Thursday, February 12, 2009

Dress Warm-You Never Know When You're Gunna Sleep on the Streets

Last night the inevitable finally happened. I stayed out too late and missed the last train back to CT. Was actually surprised this was the first time it happened, I felt like I've stayed out much later and still made the train...if that makes sense. Let me just say, there was nothing fun, romantic or adventurous about the night. There's nothing to do in NYC on a Wednesday night after 2am, it's not like I'm in fucking London, on a weekend. I'm pretty sure most bars close @ 2am in NYC so that left me with NOTHING to do, except wait.




"How old are u" A NYC police Office said to me.

"Does it matter?"

"Well if your over 18 then you're a man...act like a man" -He said with great verbrato and dignity.

"Go to McDonalds, sit down, the station is closed, there's nothing I can do for you".

Although the officer insulted my manhood and character, he was right. What the hell did I expect him to do for me? I missed the last train. It was 2am and grand central was effectively closed. The first train ran @ 6am and I had absolutely nowhere to go.

Taxi Driver waiting until 4am for someone to drive to out of state


I tried to convince a taxi driver to give me a ride to CT for 40 bucks. He took out his book and told me it would cost $200. I laughed and said no thanks. Eventually he went down to $100 or $80 to go to Greenwich (half an hour from home, but my grandmother resides in GT), probably could have talked him down to $80 and $60 but what was the point? I didn't have the money, can't hustle a man with no cash in his pockets, so I just sat.

Barrier to keep homeless people out, great work guys!

Some prick police officer told me I couldn't pass his barrier. Why does it seem like every time I actually need the police to do something for me, they tell me, "there's nothing I can".

"Go to McDonalds"

I went to McDonalds, that's the first thing I did. Don't tell me to go to McDonalds, I wanna go fucking home!

My Indian comrade

I eventually passed the barrier when the officers switched duty, with my Indian friend named Singh. After being around a lot of Indian guys I've come to realize they're almost all the same. Smart, level headed and kind.

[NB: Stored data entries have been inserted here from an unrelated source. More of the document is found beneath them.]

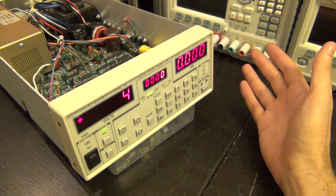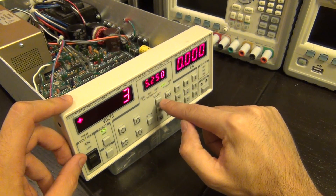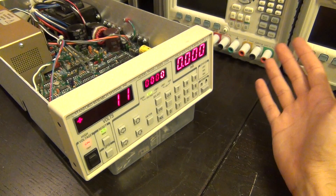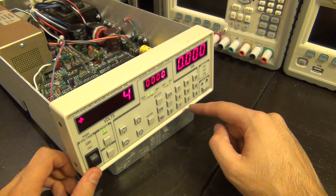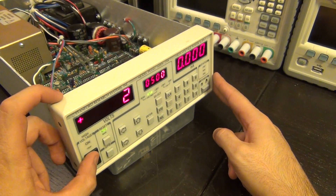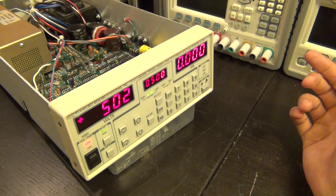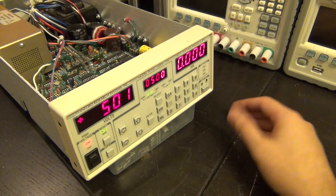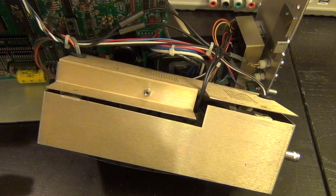Powering it back on — look at that, it no longer shows 2,466 volts! It's now reading correctly. Setting it to 500 volts and enabling the output — 501, 502 volts — I can't believe it, it came back to life! That was the only issue. I haven't measured the output yet but it's far more promising than before.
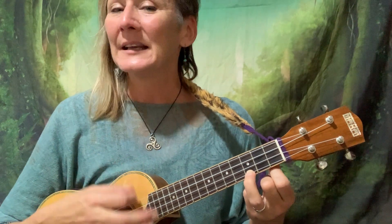Beautiful. Now another one: Frère Jacques. Here we go. 1, 2, 3, 4. Frère Jacques, Frère Jacques, dormez-vous, dormez-vous. Sonnez les matines, sonnez les matines, din-dan-don, din-dan-don — with the thumb.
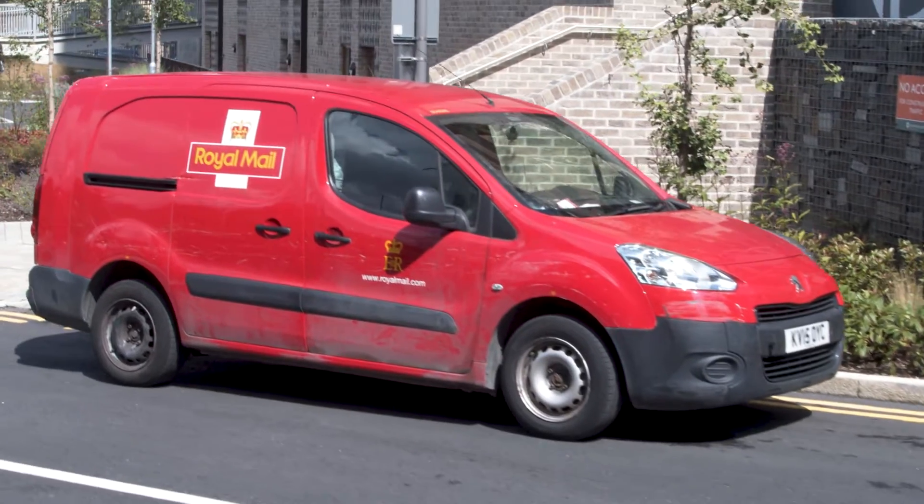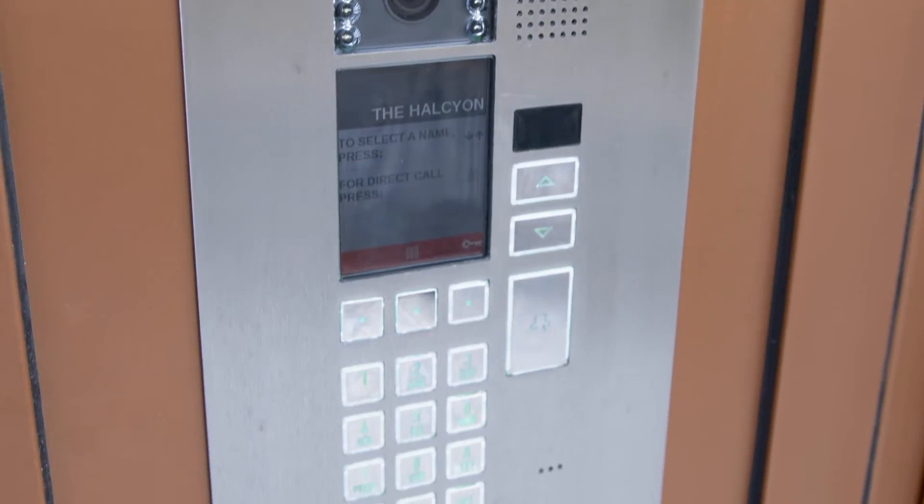The postman can use a code which is assigned by the management company and given to the postman. They can use that code to go through the front doors, but not the internal door, because it's a different code set up for each door.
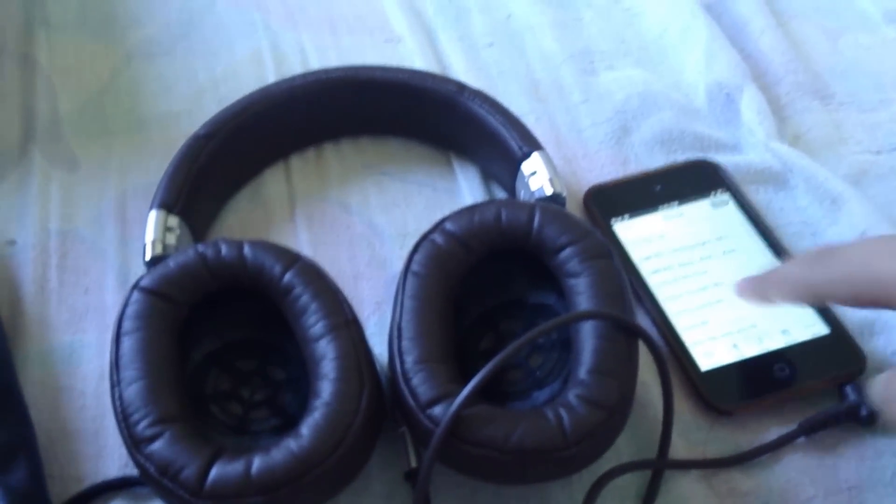I like this headphone more than the Beats Studio because it sounds better. Playing Cinema now — you can hear the clarity, but the bass pump is not strong, which is a downside. But overall, not bad.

"Don't let that cop see you, he'll kick you out on the street...its cold out there. Doesn't matter if you're 5 or 50, its still cold"

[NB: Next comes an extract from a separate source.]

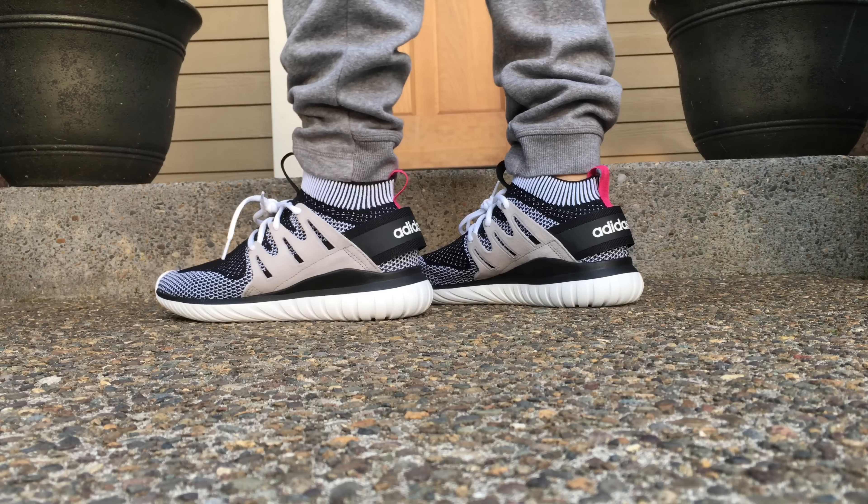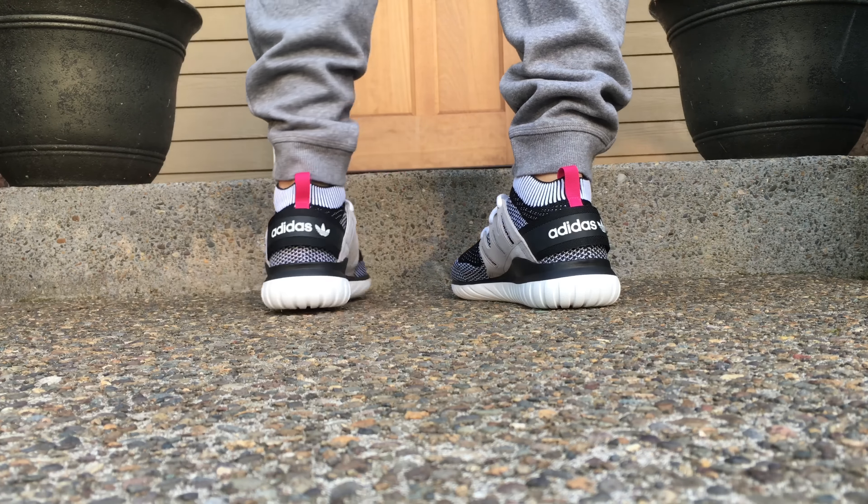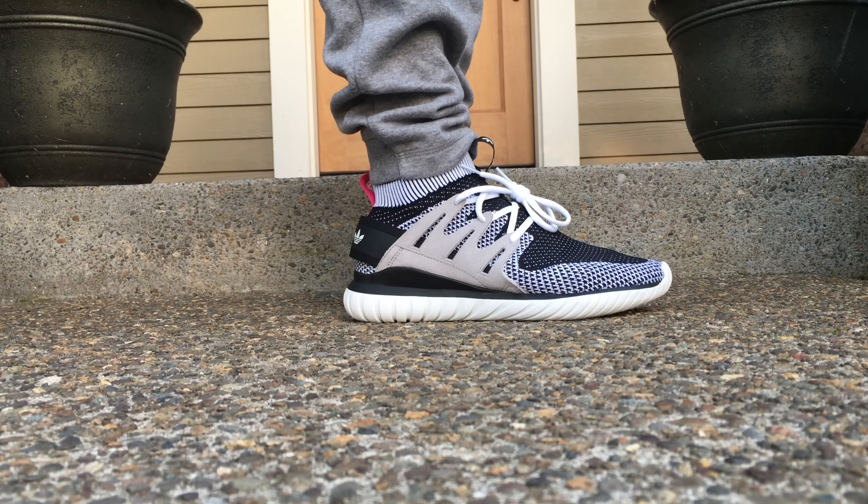What's going on guys, DJ Hess here, collectivekicks.com. Wanted to bring you guys a real quick on-feet video of the Adidas Tubular Nova Prime Knits — quite a mouthful — but these are the ones that have that sock-like fit and that Prime Knit upper, and they're all in all a really nice looking shoe.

We made our way to the rest area of Grand Central and set up shop on the wooden bench that stretched 25 feet along the wall.

Finally, a place to sit. Peace and quite away from the commotion and confusion of NYC. There were no bums or weirdos here, just an open room, with that inescapable tan hue glaring down on me as I tried to get comfortable and fall asleep.

I realized I wouldn't even be sleeping if I was home in the comfort of my own bedroom, why did I think I could fall asleep on a bench in Grand Central.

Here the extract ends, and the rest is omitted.